Three years on from Fritz's breakthrough tour triumph against Sam Querrey – another compatriot – at the same event, the world No.24 was celebrating again at the last tournament before Wimbledon starts.
Paris-born opponent Cressy had defeated a trio of home hopefuls in succession in Britons Dan Evans, Cameron Norrie and Jack Draper to reach this stage, but Fritz had just too much.
While the Indian Wells Masters champion had not lost a break all week and maintained that record through the decider, he was taken all the way.
"I played about as well as I could possibly play today, and it still came down to the final couple of points," Fritz said afterwards. "It couldn't have been much closer."
That had not appeared likely after an opener in which Fritz's return game dominated 6ft 6in serve-and-volley specialist Cressy, who was broken immediately after a double-fault.

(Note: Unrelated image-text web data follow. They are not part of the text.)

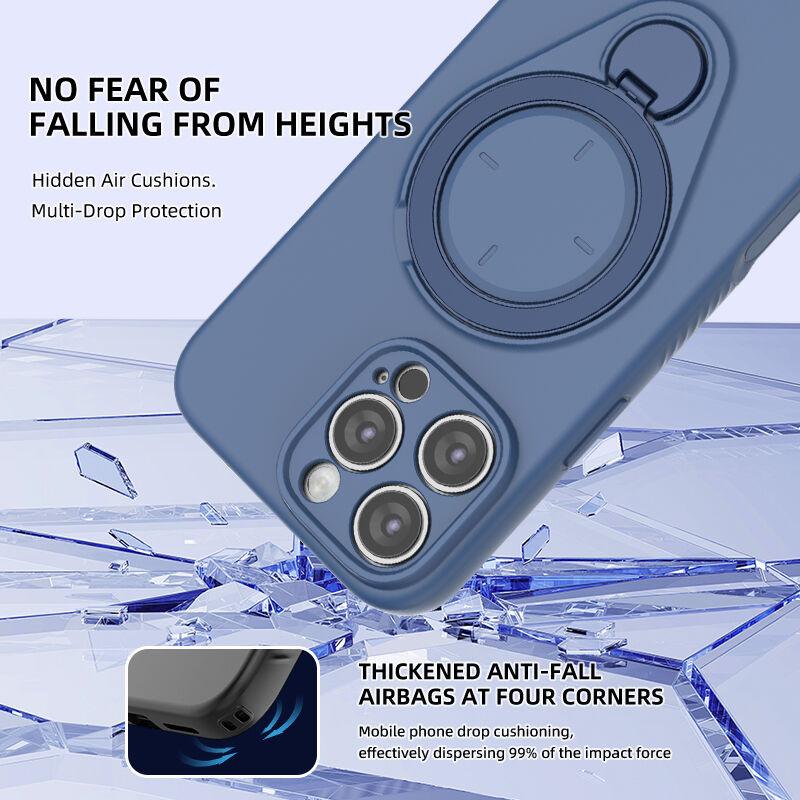 Magnetic Shockproof Case with 360-Degree Rotating Ring Stand for iPhone 16 Pro Max â Slim Protective Phone Cover with Airbag Corners and Wireless Charging Support for Home, Office, Travel and Daily Use (Blue).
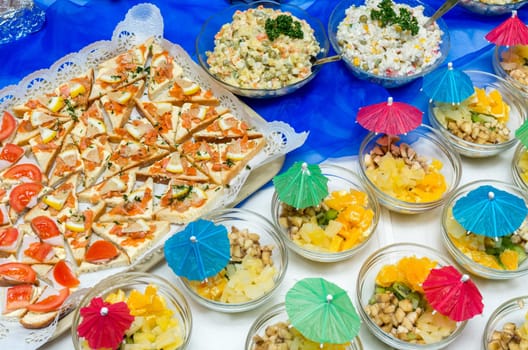 Catering food at a party. In Lithuania.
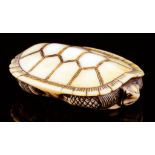 A JAPANESE IVORY NETSUKE OF A TERRAPIN, EDO PERIOD, 19TH C unsigned, 4.3cm l, collector's label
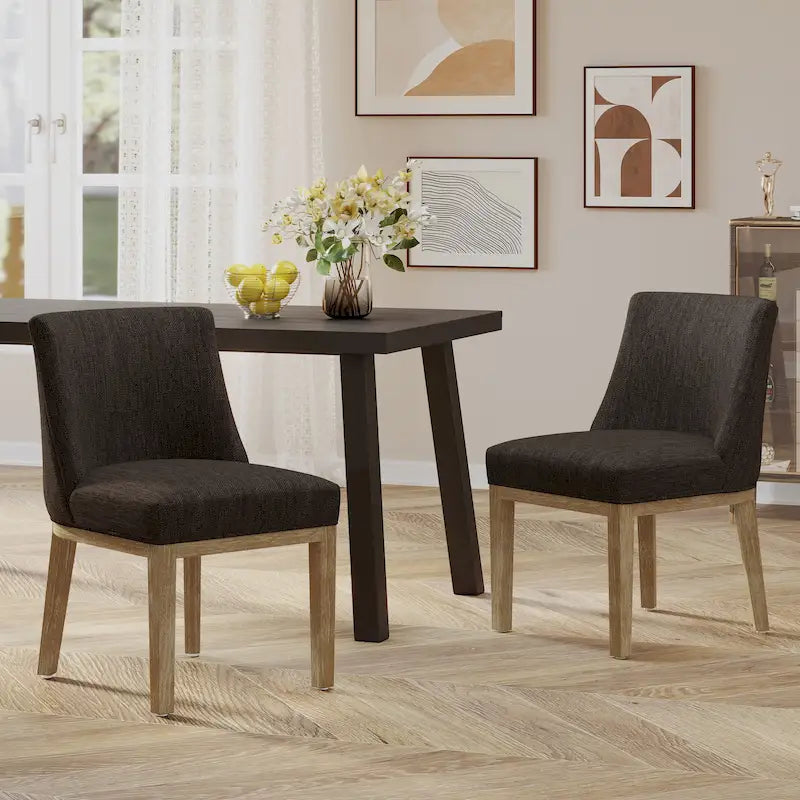 Chaises de salle à manger en bois rembourrées en tissu Camas (lot de 2) par Christopher Knight Home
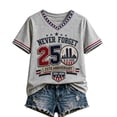 thumbnail image 2 of 911 25th Anniversary V Neck Shirt Womens Never Forget 9/11 American Flag Patriotic Tshirt Short Sleeve Memorial Faith Hope Honor Tee Tops for Women We Will Never Forget, 2 of 4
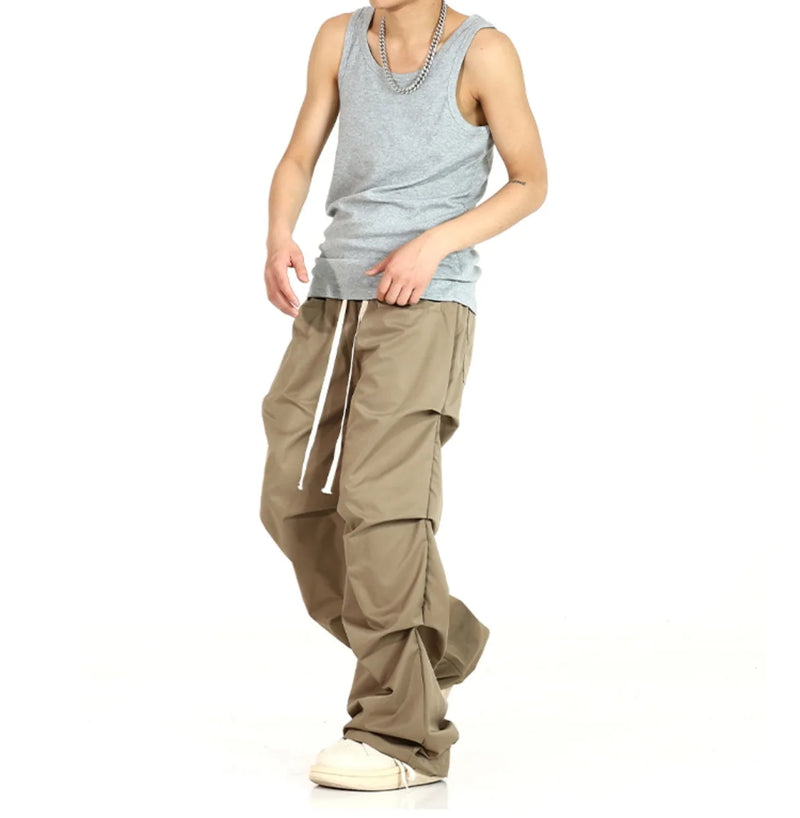 side fold baggy pants men casual elastic waist straight trousers streetwear new fashion drawstring unisex hip hop pants joggers unique joggers style 5115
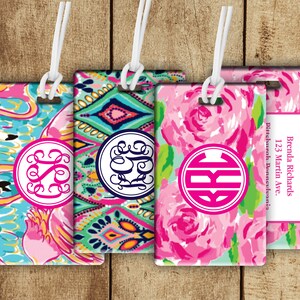 Personalized Luggage tag, Lilly inspired bag tag, gift for traveler, personalized gifts, gifts for her, gym bag tag, backpack tag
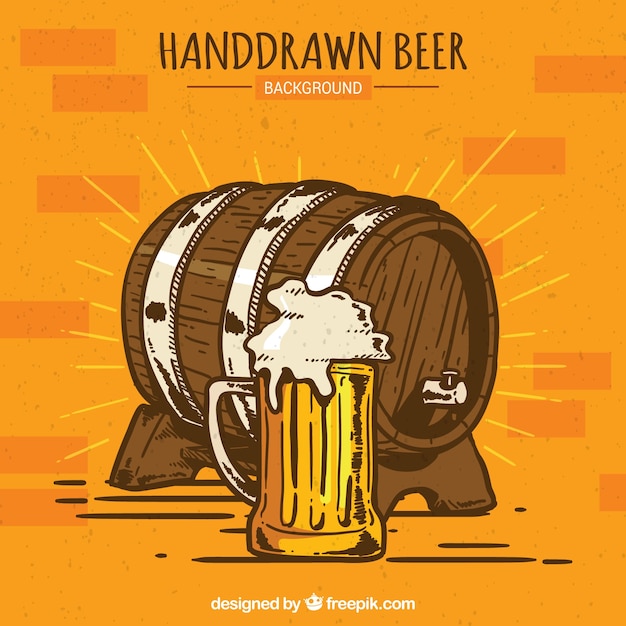 Hand gezeichneter Bierhintergrund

That was one of four in the first set – as many as in three against Draper – as Cressy won just half of his service points, broken again to love.
Yet neither player faced another break point, with a pair of tie-breaks required to settle the title.
The first went the way of Cressy, forcing a decider as a pair of powerful forehands finally broke down Fritz, but he required treatment between sets and had clearly tired by the closing stages.
The latest in a series of Fritz lobs proved beyond Cressy, not that the result should have come as any surprise – improving the champion's career record in deciding tie-breaks to an astonishing 20-3.